Rule Manager is a robust, Go-based service designed to manage alerting rules in a centralized and standardized way. Inspired by Prometheus, it allows users to define, create, and validate alerting rules from predefined templates, ensuring consistency and reducing errors in monitoring configurations.
- Template-Based Rule Creation: Generate complex Prometheus/VictoriaMetrics rules from simplified, user-friendly JSON templates.
- Dynamic Template Management: Create, update, and manage rule templates and their schemas via API without redeploying the service.
- Template-Driven Uniqueness: Define custom uniqueness constraints (e.g.,
target.namespace+rule_type) directly in the template schema to prevent duplicates or enable safe overrides. - Change Planning: Simulate rule creation and updates with "Plan" endpoints to preview actions (Create, Update, Conflict) before committing changes.
- Advanced Validation:
- JSON Schema: Validates user input against strict schemas.
- Pipeline Validation: Executes custom validation steps (e.g., checking if a metric exists in the TSDB) before creating a rule.
- Dry-Run: Test templates and data before saving them.
- Multi-Backend Support:
- Storage: Supports MongoDB for production and a local file system mode for development.
- Datasources: Configurable integration with Prometheus, VictoriaMetrics, and Thanos.
- VictoriaMetrics Integration: Exposes generated rules in a
vmalert-compatible YAML format via a dedicated endpoint.
The power of Rule Manager lies in its separation of Validation (Schema) and Generation (Template). This approach ensures that users provide valid, structured data, which is then safely transformed into complex alerting rules.

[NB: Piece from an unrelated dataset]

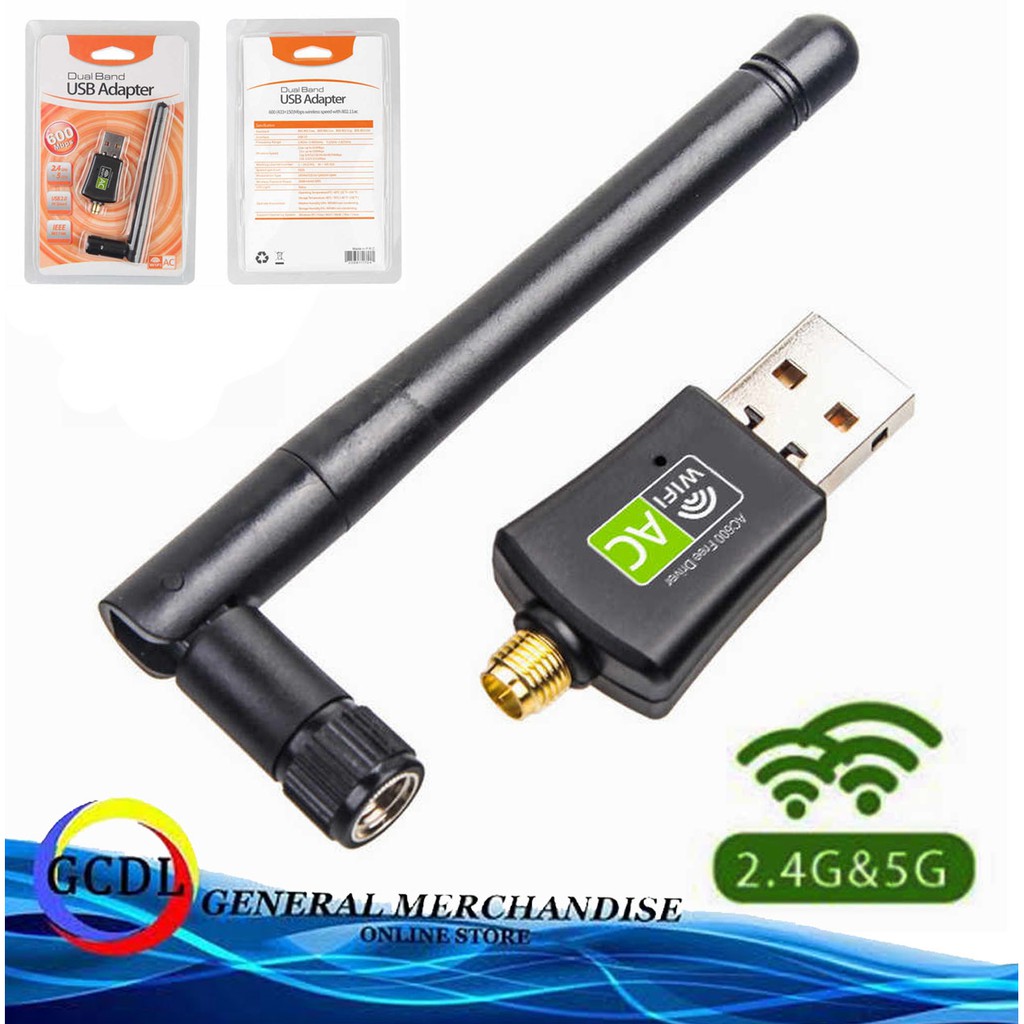 600Mbps Usb Wifi Adapter Ac600 2.4Ghz 5Ghz Dual Band Wireless Network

The Schema defines the "contract" for the rule. It is a standard JSON Schema that dictates what parameters a user must provide to create a rule.
- Purpose: To validate user input before any rule generation happens.
- Capabilities:
- Define required fields (e.g.,
service,threshold). - Enforce data types (e.g.,
thresholdmust be a number). - Set constraints (e.g.,
severitymust be one ofcritical,warning,info). - Uniqueness Keys: Define which fields constitute a unique rule identity (e.g.,
["target.namespace", "rules.rule_type"]). - Pipelines: Advanced validation logic (e.g., "check if metric X exists in Prometheus") can be embedded directly in the schema metadata.
- Define required fields (e.g.,
Example Schema Snippet (from k8s.json):
{
"$schema": "http://json-schema.org/draft-07/schema",
"title": "K8s Monitoring Rule",
"type": "object",
"uniqueness_keys": ["target", "rules.rule_type", "common.severity"],
"properties": {
"target": {
"type": "object",
"properties": {
"environment": { "type": "string" },
"namespace": { "type": "string" },
"workload": { "type": "string" }
},
"required": ["environment", "namespace", "workload"]
},
"common": {
"type": "object",
"properties": {
"severity": { "type": "string", "enum": ["critical", "warning", "info"] },
"labels": { "type": "object", "additionalProperties": { "type": "string" } },
"annotations": { "type": "object", "additionalProperties": { "type": "string" } }
}
},
"rules": {
"type": "array",
"items": {
"oneOf": [
{
"type": "object",
"properties": {
"rule_type": { "const": "cpu" },
"operator": { "type": "string", "enum": [">", "<"] },
"threshold": { "type": "number" }
},
"required": ["rule_type", "operator", "threshold"],
"pipelines": [
{
"name": "validate_cpu_metric",
"type": "validate_metric_exists",
"parameters": { "metric_name": "container_cpu_usage_seconds_total" }
}
]
},
{
"type": "object",
"properties": {
"rule_type": { "const": "service_up" },
"service_name": { "type": "string" }
},
"required": ["rule_type", "service_name"],
"pipelines": [
{
"name": "validate_service_up_metric",
"type": "validate_metric_exists",
"parameters": { "metric_name": "up" }
}
]
}
]
}
}
},
"required": ["target", "rules"],
"pipelines": [
{
"name": "validate_namespace_metrics",
"type": "validate_metric_exists",
"parameters": { "metric_name": "kube_namespace_status_phase" }
}
]
}The Template defines how the validated parameters are transformed into the final rule format (typically Prometheus/vmalert YAML). It uses Go's powerful text/template engine.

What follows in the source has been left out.